If Labour had had its act together, it would have gone much harder for the last year with the line “one rule for them; another for everyone else”, which feeds into so many of the government’s actions and which, alongside “they don’t know what they’re doing”, could form an enduring criticism. While Labour’s toyed with the line, it’s not been repeated often enough to stick in the public’s consciousness. That wouldn’t have happened under Blair and Campbell.
As a result there’s a huge gap into which either party can step and write the political narrative to drive towards 2024. The Tories, as the government, have the greater opportunity because they can reinforce the words with real action; the opposition will always, to an extent, be reactive. But they need more than the managerial approach Sunak set out this week; they need to explain in one or two simple straplines what they’re doing, why it’s fair and why it’ll be beneficial – and then they need their actions to match their words.
Who will succeed? On the one hand, Johnson has never been a model of consistency or disciplined strategic thinking but does have a knack for a memorable phrase; on the other, Starmer and Dodds, while often making valid points, do so in such a way that hardly anyone notices and which don’t tie individual events into a larger picture.
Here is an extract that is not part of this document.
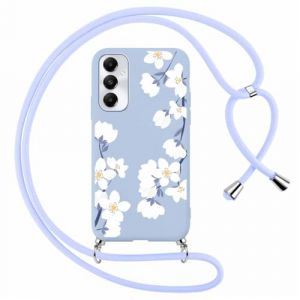 Foonary Coque pour Samsung Galaxy A05s avec Cordon de Collier, Aesthetic Fleur Motif &Eacute;tui Housse R&eacute;glable Lanyard Corde, Souple Silicone TPU Antichoc Protection Case pour Samsung A05s 6,7", Floral 6 (BAROR TRADING, neuf)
It’s an odd situation: not so much impasse or stalemate as want of trying – or even awareness of the need to try. As such, I find it very hard to make a call on who will set the running. It should naturally be Labour given their opportunities and what’s still a lack of cohesion within the Tories, both as a parliamentary party and as a government (though that’s improved since Cummings left). But with Labour’s current front bench, I don’t think it will be. Which is a problem when polls put you behind by double-digits and the left is restless and agitating.